Qu’avez-vous fait pour tant de biens ? vous vous êtes donné la peine de naître, et rien de plus :
5 du reste, homme assez ordinaire ! tandis que moi, morbleu, perdu dans la foule obscure, il m’a
fallu déployer plus de science et de calculs pour subsister seulement, qu’on n’en a mis depuis cent
ans à gouverner toutes les Espagnes(1) ; et vous voulez jouter(2) !… On vient… c’est elle… ce n’est
personne. — La nuit est noire en diable, et me voilà faisant le sot métier de mari (3), quoique je ne
le sois qu’à moitié ! (Il s’assied sur un banc.) Est-il rien de plus bizarre que ma destinée ! Fils de
10 je ne sais pas qui ; volé par des bandits ; élevé dans leurs mœurs, je m’en dégoûte et veux courir
une carrière honnête ; et partout je suis repoussé ! J’apprends la chimie, la pharmacie, la
chirurgie ; et tout le crédit d’un grand seigneur peut à peine me mettre à la main une lancette (4)
vétérinaire ! — Las d’attrister des bêtes malades, et pour faire un métier contraire, je me jette à
corps perdu dans le théâtre : me fussé-je mis une pierre au cou ! Je broche une comédie dans les
15 mœurs du sérail : auteur espagnol, je crois pouvoir y fronder(5) Mahomet sans scrupule : à l’instant
un envoyé… de je ne sais où se plaint que j’offense dans mes vers la Sublime Porte, la Perse, une
partie de la presqu’île de l’Inde, toute l’Égypte, les royaumes de Barca, de Tripoli, de Tunis, d’Alger
et de Maroc ; et voilà ma comédie flambée, pour plaire aux princes mahométans, dont pas un, je
crois, ne sait lire, et qui nous meurtrissent l’omoplate, en nous disant : Chiens de chrétiens ! (…)

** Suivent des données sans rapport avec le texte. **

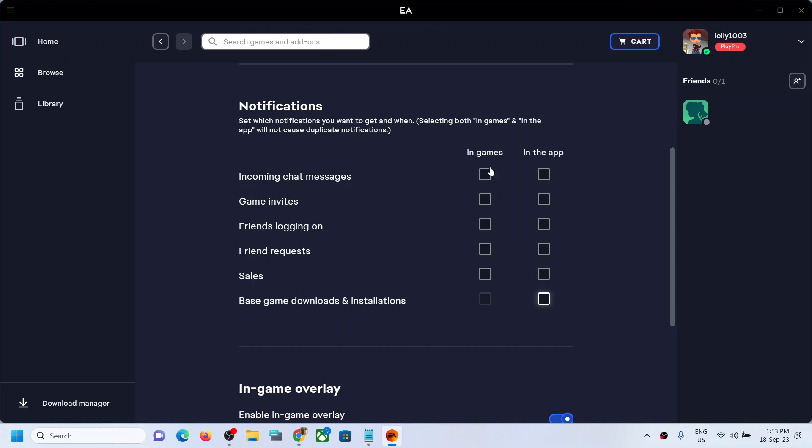any kind of notification, you can uncheck all the boxes. And even you can make a selective check, so if you want only the game invites in game, you can select in game. If you want only in the app, then you can put a check in the app. So this is how you can enable or disable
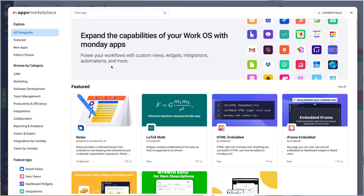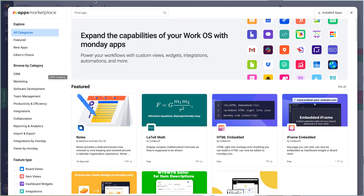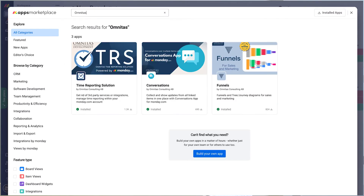Once you're in the app marketplace, you can see that the apps are sorted by their categories and you also have a search bar. For example, let's search for Omnita's. Here's our app — our time reporting solution, our conversation app (that's a top tip by the way), and our funnels app for those of you that are building your CRM system.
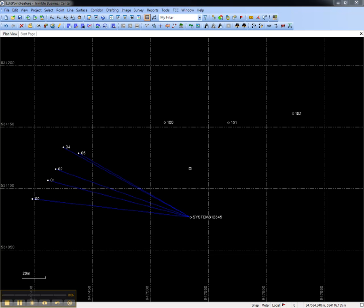Processing feature codes converts feature codes and attributes collected in the field into features which can be exported as shapefile or to a geodatabase XML file.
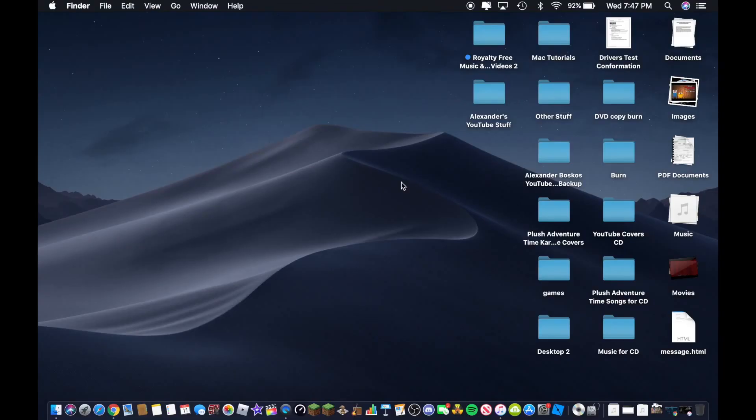Hi, what's up guys? Alexander Bosco here and today I am going to show you guys how to burn your videos or movies onto a DVD-R.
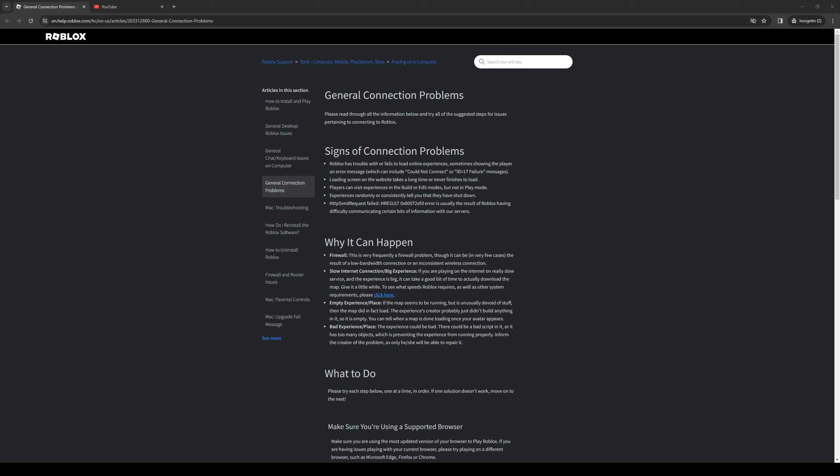How's it going everyone and welcome back to the channel. In today's video I'll be teaching you guys how to fix the connection errors or network errors that you're getting on Roblox on PC. So without further ado, let's get into it.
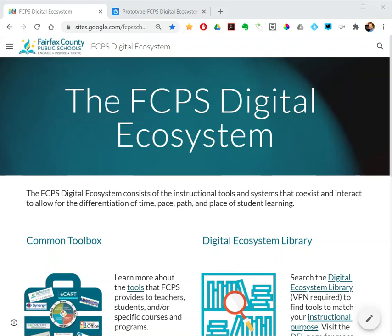This video shows off our new digital ecosystem library site. It answers questions like: Is this tool approved for use in FCPS? What are some alternative tools? Are there good tools for a particular purpose like media creation? Do I have to get parental consent to use this? This digital ecosystem library will help you answer those teacher questions, and ideally, if you point them directly there, they can answer their own questions.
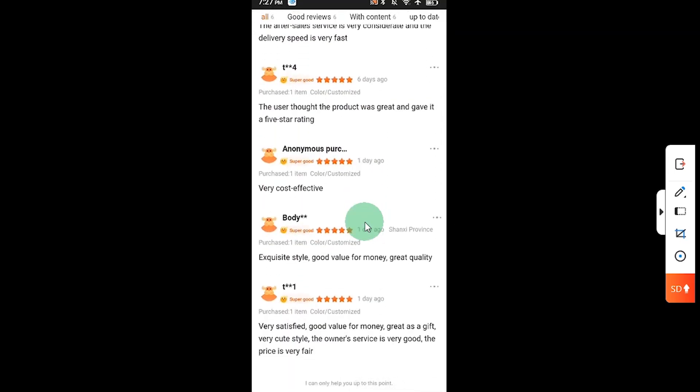That is how you can translate the 1688 app and website. I hope you find this video helpful. If you did, kindly give this video a thumbs up so that YouTube can recommend it to more people. Share this video with your friends, subscribe to this channel, and turn on the bell notification so that anytime I drop a new video you will be among the first people to be notified.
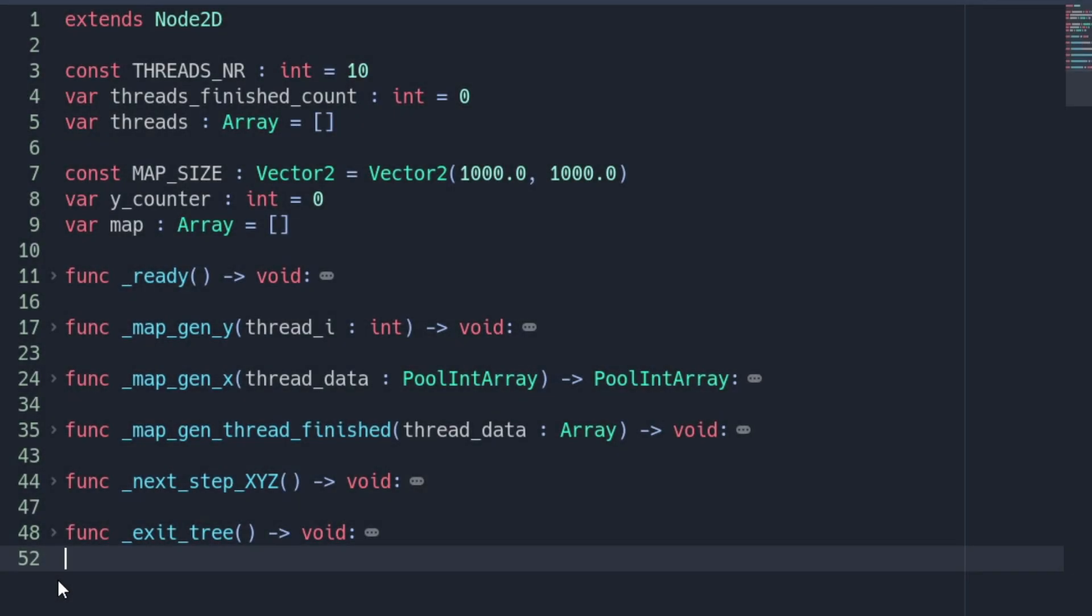Hi! Ever tried to create the logic for a huge map in Godot Engine via GDScript? Then you probably struggled with the performance.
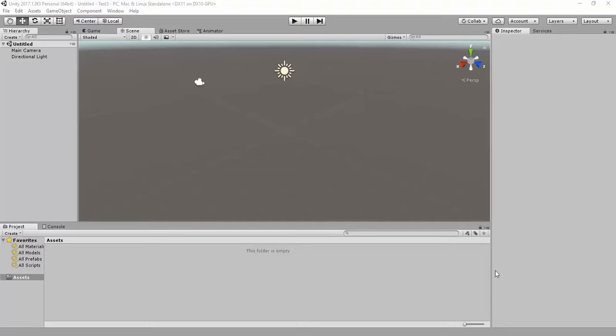Hello guys, it's me Divakar here again. Today I'm going to teach you how you can make your UI things more interactable. You can make buttons interactable using functions, but what if you have an image and you want to make that interactable? Today I'm going to show you that.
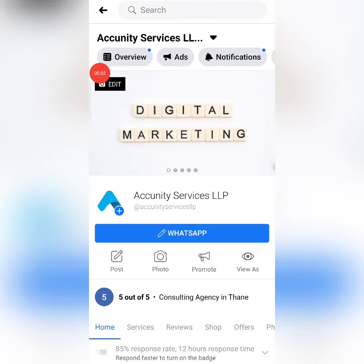Hello everyone, this is Rajan here from Acunity Services. In today's video, we will see how you created your ad on Facebook.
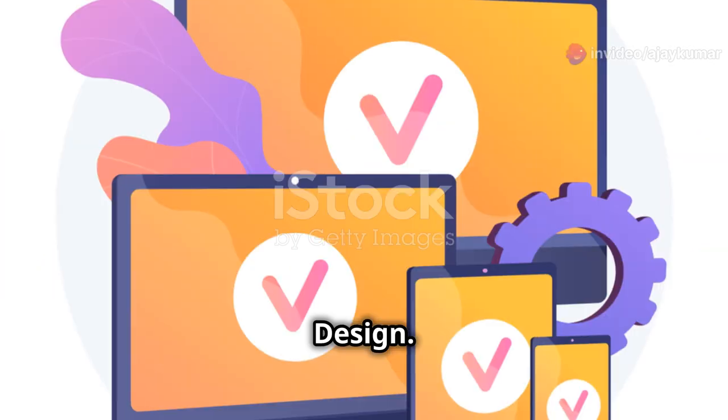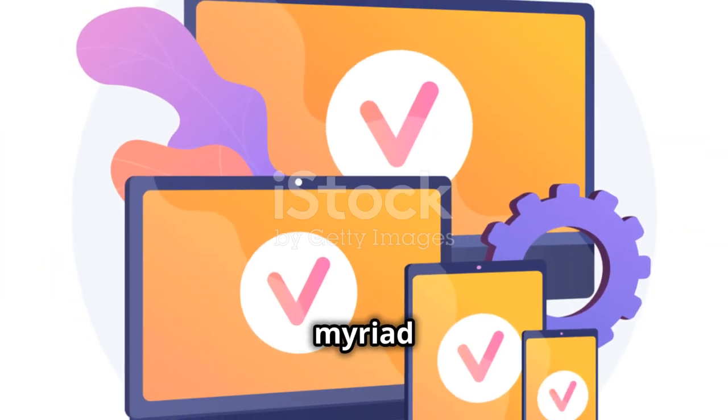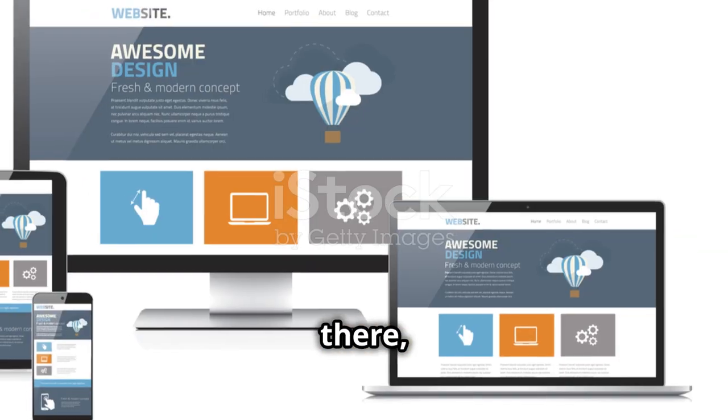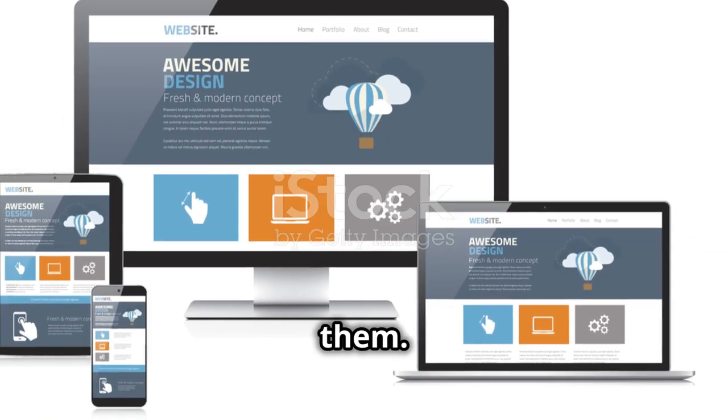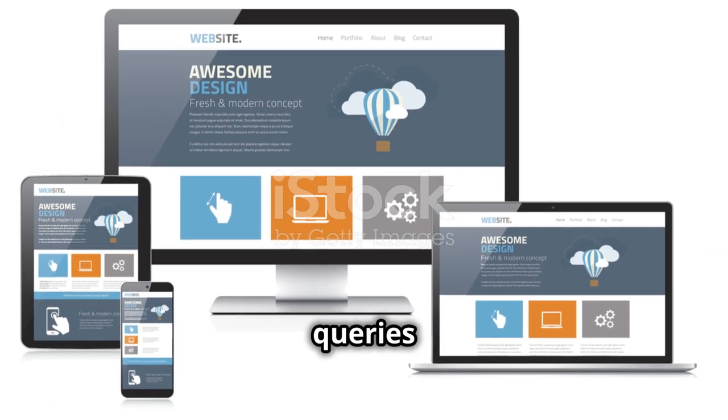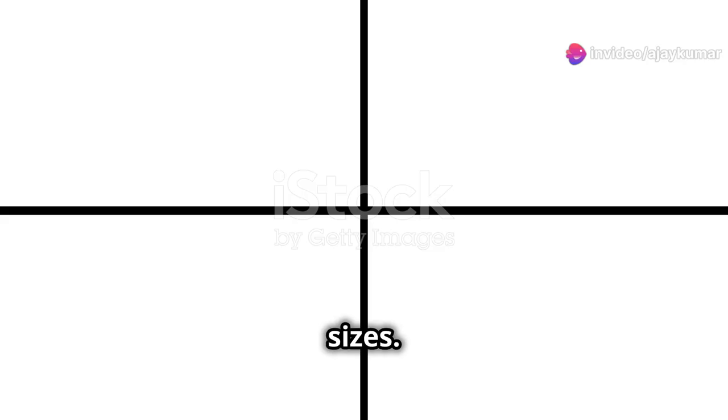Now, responsive design. With the myriad of devices out there, your website needs to look good on all of them. Media queries are essential — learn to create breakpoints and adapt your layout for different screen sizes.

20 Il s’élève une question sur la nature des richesses ; et comme il n’est pas nécessaire de tenir les
choses pour en raisonner, n’ayant pas un sou, j’écris sur la valeur de l’argent, et sur son produit
net : aussitôt je vois, du fond d’un fiacre, baisser pour moi le pont d’un château-fort(6), à l’entrée
duquel je laissai l’espérance et la liberté. (Il se lève.) Que je voudrais bien tenir un de ces
puissants de quatre jours, si légers sur le mal qu’ils ordonnent, quand une bonne disgrâce a cuvé
25 son orgueil ! Je lui dirais… que les sottises imprimées n’ont d’importance qu’aux lieux où l’on en
gêne le cours ; que, sans la liberté de blâmer, il n’est point d’éloge flatteur ; et qu’il n’y a que les
petits hommes qui redoutent les petits écrits. (Il se rassied.) Las de nourrir un obscur
pensionnaire, on me met un jour dans la rue ; et comme il faut dîner, quoiqu’on ne soit plus en
prison, je taille encore ma plume, et demande à chacun de quoi il est question : on me dit que,
30 pendant ma retraite économique, il s’est établi dans Madrid un système de liberté sur la vente
des productions, qui s’étend même à celles de la presse ; et que, pourvu que je ne parle en mes
écrits ni de l’autorité, ni du culte, ni de la politique, ni de la morale, ni des gens en place, ni des
corps(7) en crédit, ni de l’Opéra, ni des autres spectacles, ni de personne qui tienne à quelque
chose, je puis tout imprimer librement, sous l’inspection de deux ou trois censeurs. Pour profiter
35 de cette douce liberté, j’annonce un écrit périodique, et, croyant n’aller sur les brisées d’aucun
autre, je le nomme Journal inutile. Pou-ou ! je vois s’élever contre moi mille pauvres diables à la
feuille(8) : on me supprime(9), et me voilà derechef sans emploi !

(1) Les Espagnes : l’Espagne et les territoires conquis depuis Christophe Colomb
(2) Jouter : lutter
(3) Faisant le sot métier de mari : le mari est traditionnellement, dans la farce, cocu et jaloux.
(4) Lancette : instrument de chirurgie qui sert à pratiquer les saignées.
(5) Fronder : se moquer de.
(6) Une prison qui fait songer à la Bastille
(7) Corps : institutions
(8) Pauvres diables à la feuille : écrivains rémunérés à la feuille. Pour la plupart, ils sont dans la misère.
(9) On me supprime : on interdit la publication de mon journal.